Ce dialogue n'épuise pas l'autre mission fondamentale de l'État : l'ordre public et social. En effet, dans cette crise inédite, les préfets ont dû prendre en charge les angles morts des politiques publiques. Les 180 arrêtés que j'ai pris l'ont été, pour la majorité des cas, dans le cadre d'un dialogue très fructueux avec les maires. Je ne me souviens pas d'avoir pris une seule mesure allant à l'encontre de la position d'un maire. Ils ont fait preuve d'une grande créativité concernant les marchés que j'ouvrais par dérogation, en installant des protections sanitaires incontestables. Ce dialogue de qualité se poursuit au sujet des plages que j'espère pouvoir rouvrir à la fin de la semaine. Le contrôle de l'ordre public a aussi consisté à contrôler les déplacements de la population. Sur les 2 millions de contrôles réalisés dans la région, moins de 5 % ont donné lieu à un procès‑verbal, ce qui en dit long sur la résilience de la population et sa compréhension de l'enjeu du confinement.

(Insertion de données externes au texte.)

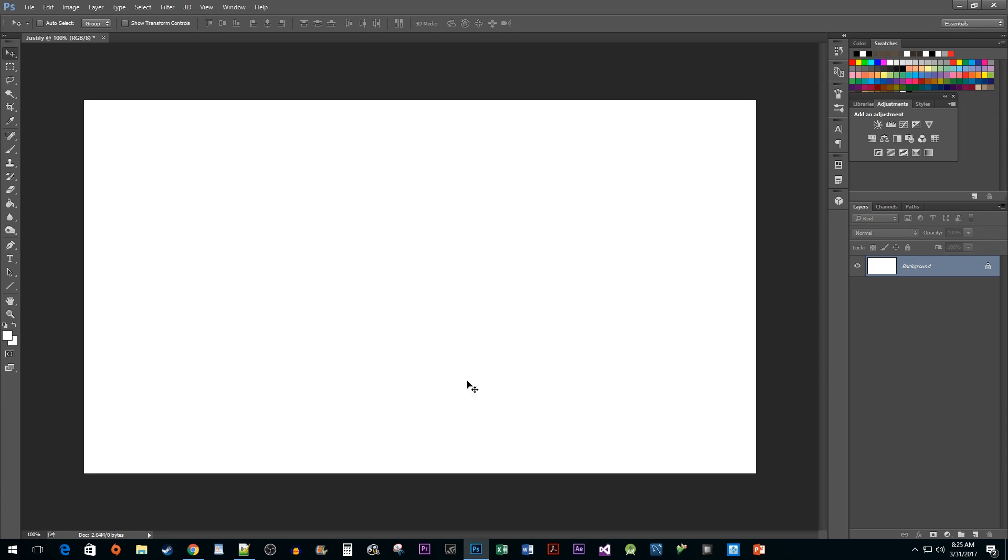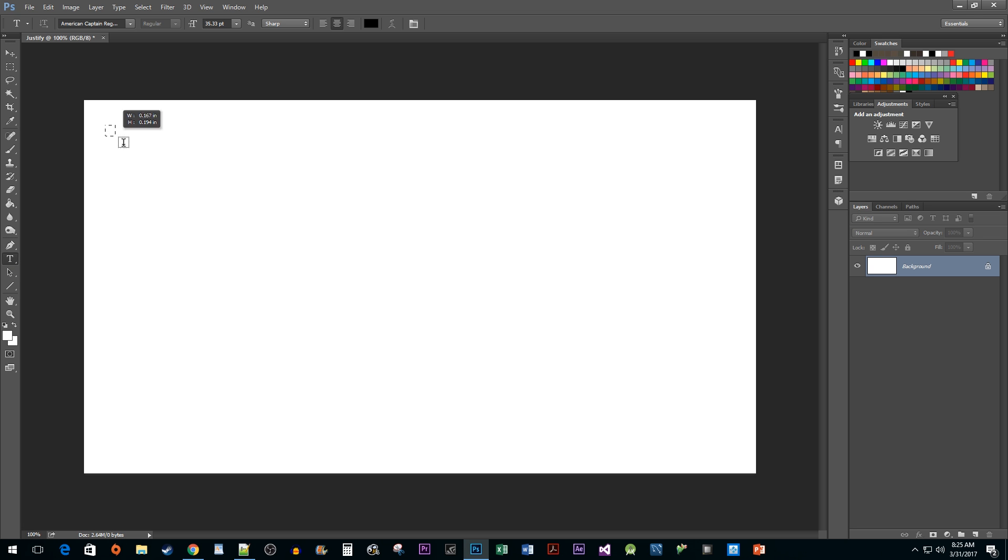Alright, to begin, let's go ahead and select the text tool. Now, since I have a paragraph of text I want to paste into my document, I'm going to click and drag to create a text box.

Quant au volet social, sur lequel nous nous sommes beaucoup engagés, nous avons fait en sorte que les populations migrantes puissent être mises à l'abri et faire l'objet d'un suivi sanitaire et social. Je me réjouis qu'à ce stade aucun cluster n'ait éclos parmi eux. Grâce à la réquisition de huit hôtels dans le Nord, nous avons mis à l'abri plus de quatre cents personnes, dans des conditions sécurisées, avec un accompagnement sanitaire et social et un programme de réinsertion économique. Chose précieuse, un partenariat s'est renoué avec des organismes importants, mais pas toujours visibles dans notre paysage administratif, comme les centres communaux d'action sociale (CCAS) qui ont été très mobilisés, d'autant que les associations spécialisées dans la distribution alimentaire ont connu des difficultés en raison de l'indisponibilité de leurs bénévoles.